The devastation inflicted by Hurricane Michael came into focus Thursday with rows upon rows of homes found smashed to pieces, and search-and-rescue crews struggled to reach the stricken areas in hopes of accounting for hundreds of people who defied evacuation orders.

At least two deaths were blamed on Michael, the most powerful hurricane to hit the continental U.S. in more than 50 years, and it wasn’t done yet: Though weakened into a tropical storm, it continued to bring heavy rain and blustery winds to the Southeast as it pushed inland, soaking areas still recovering from Hurricane Florence.

Under a perfectly clear blue sky, Florida families emerged tentatively from darkened shelters and hotels to an unfamiliar and perilous landscape of shattered homes and shopping centers, beeping security alarms, wailing sirens and hovering helicopters.

The full extent of the damage was only slowly becoming clear, with some of the hardest-hit areas difficult to reach because of roads blocked by debris or water. An 80-mile stretch of Interstate 10, the main east-west route along the Panhandle, was closed.

Some of the worst damage was in Mexico Beach, where Michael crashed ashore Wednesday as a Category 4 monster with 155 mph winds and a storm surge of 9 feet. Video from a drone Thursday revealed widespread devastation across the town of about 1,000 people.

Entire blocks of homes near the beach were obliterated, reduced to nothing but concrete slabs in the sand. Rows and rows of other homes were turned into piles of splintered lumber or were crumpled and slumped at odd angles. Entire roofs were torn away and dropped onto a road. Boats were tossed ashore like toys.

A National Guard team got into Mexico Beach and found 20 survivors overnight, and more crews were pushing into the area in the morning, with the fate of many residents unknown, authorities said. State officials said 285 people in Mexico Beach had refused to leave ahead of the hurricane despite a mandatory evacuation order.

Mishelle McPherson and her ex-husband searched for the elderly mother of a friend. The woman lived in a small cinderblock house about 150 yards from the Gulf and thought she would be okay.

Her home was reduced to crumbled cinderblocks and pieces of floor tile.

“Aggy! Aggy!” McPherson yelled. The only sound that came back was the echo from the half-demolished building and the pounding of the surf.

“Do you think her body would be here? Do you think it would have floated away?” she asked.

As she walked timidly down the street, McPherson pointed out pieces of what had been the woman’s house: “That’s the blade from her ceiling fan. That’s her floor tile,” she said.

The beach town was difficult to reach by land, with roads covered by fallen trees, power lines and other debris. The governor pleaded with people in the hard-hit areas to stay away for now.

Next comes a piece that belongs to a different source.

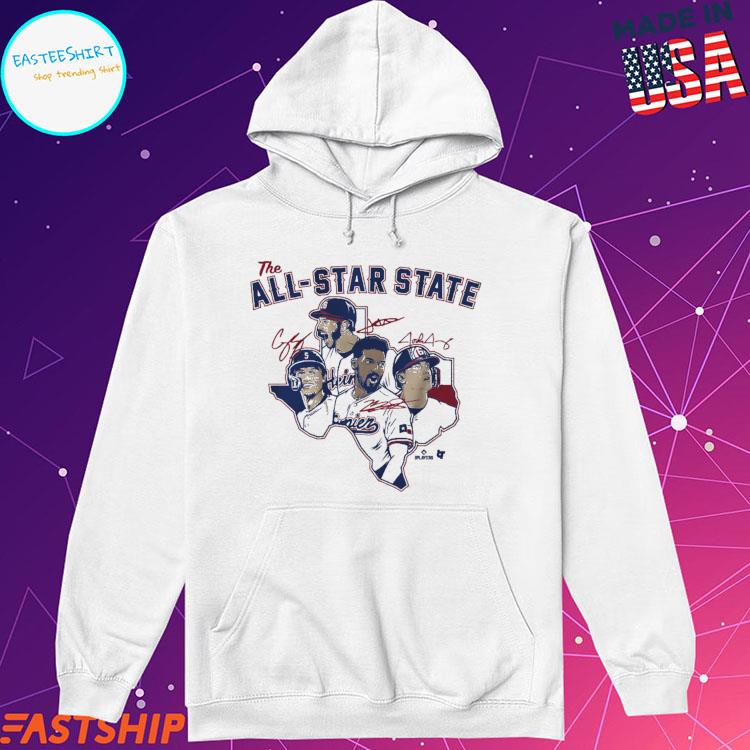 Official texas The All-Star State Shirt, hoodie, sweater, long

“I know you just want to go home. You want to check on things, and begin the recovery process,” Scott said. But “we have to make sure things are safe.”

Over 900,000 homes and businesses in Florida, Alabama, Georgia and the Carolinas were without power.

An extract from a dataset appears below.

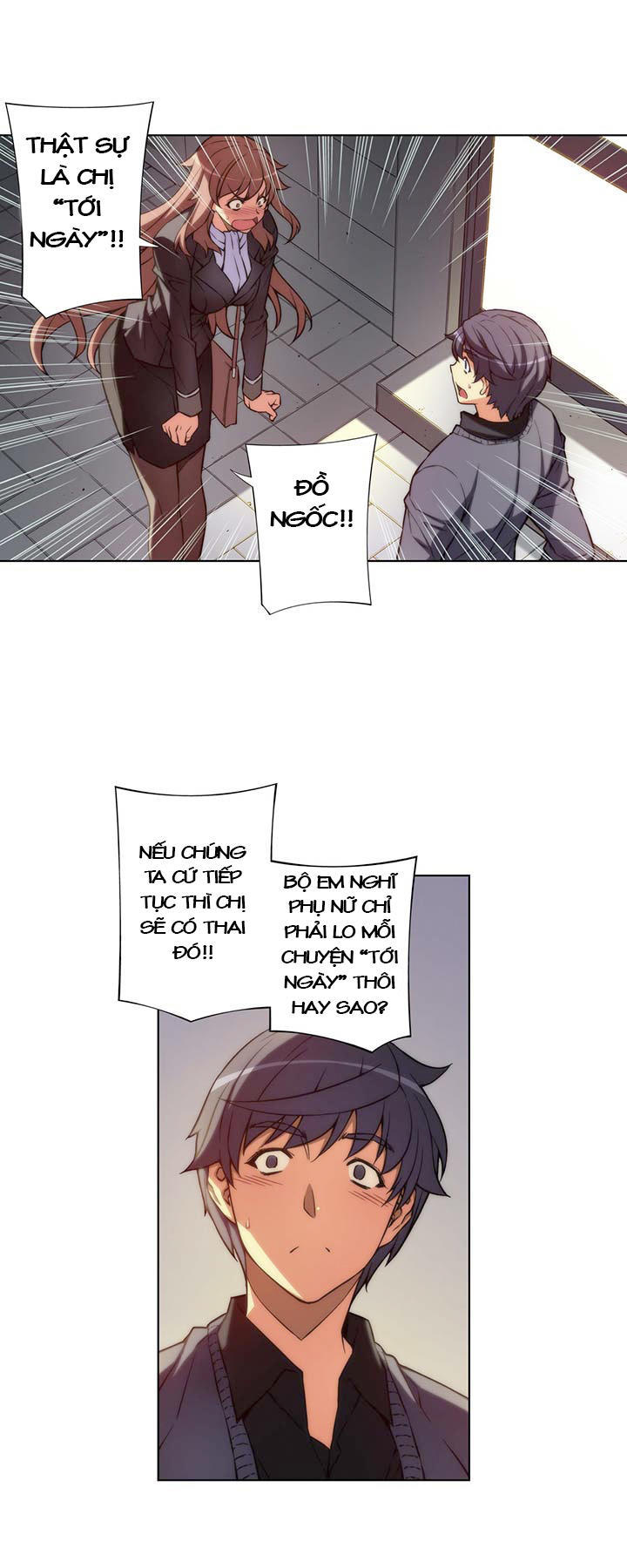 Unbalance Triangle Chap 34 - Next Chap 35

Thousands of National Guard troops, law enforcement officers and medical teams began making their way across the stricken zone.

The Coast Guard said it rescued at least 27 people before and after the hurricane came ashore, mostly from homes along the Florida coastline, and searched for more victims.

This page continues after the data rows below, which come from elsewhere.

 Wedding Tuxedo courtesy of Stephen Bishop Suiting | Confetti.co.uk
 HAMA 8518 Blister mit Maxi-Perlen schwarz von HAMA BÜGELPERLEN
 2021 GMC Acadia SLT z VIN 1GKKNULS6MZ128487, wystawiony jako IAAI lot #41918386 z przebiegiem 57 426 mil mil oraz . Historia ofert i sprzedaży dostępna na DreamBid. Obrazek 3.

Among those brought to safety were nine people rescued by helicopter from a bathroom of their Panama City home after their roof collapsed, Petty Officer 3rd Class Ronald Hodges said.

The hurricane damaged hospitals and nursing homes in the Panama City area, and officials worked to evacuate hundreds of patients. The damage at Bay Medical Sacred Heart included blown-out windows, a cracked exterior wall and a roof collapse in a maintenance building. No patients were hurt, the hospital said.

The state mental hospital in Chattahoochee, which has a section for the criminally insane, was cut off by land, and food and supplies were being flown in, authorities said.

As of 2 p.m., Michael was centered about 25 miles south of Greensboro, N.C., with winds of 50 mph. It was moving northeast at 23 mph.

Forecasters said it could drop up to 7 inches of rain over the Carolinas and Virginia before pushing out to sea Thursday night.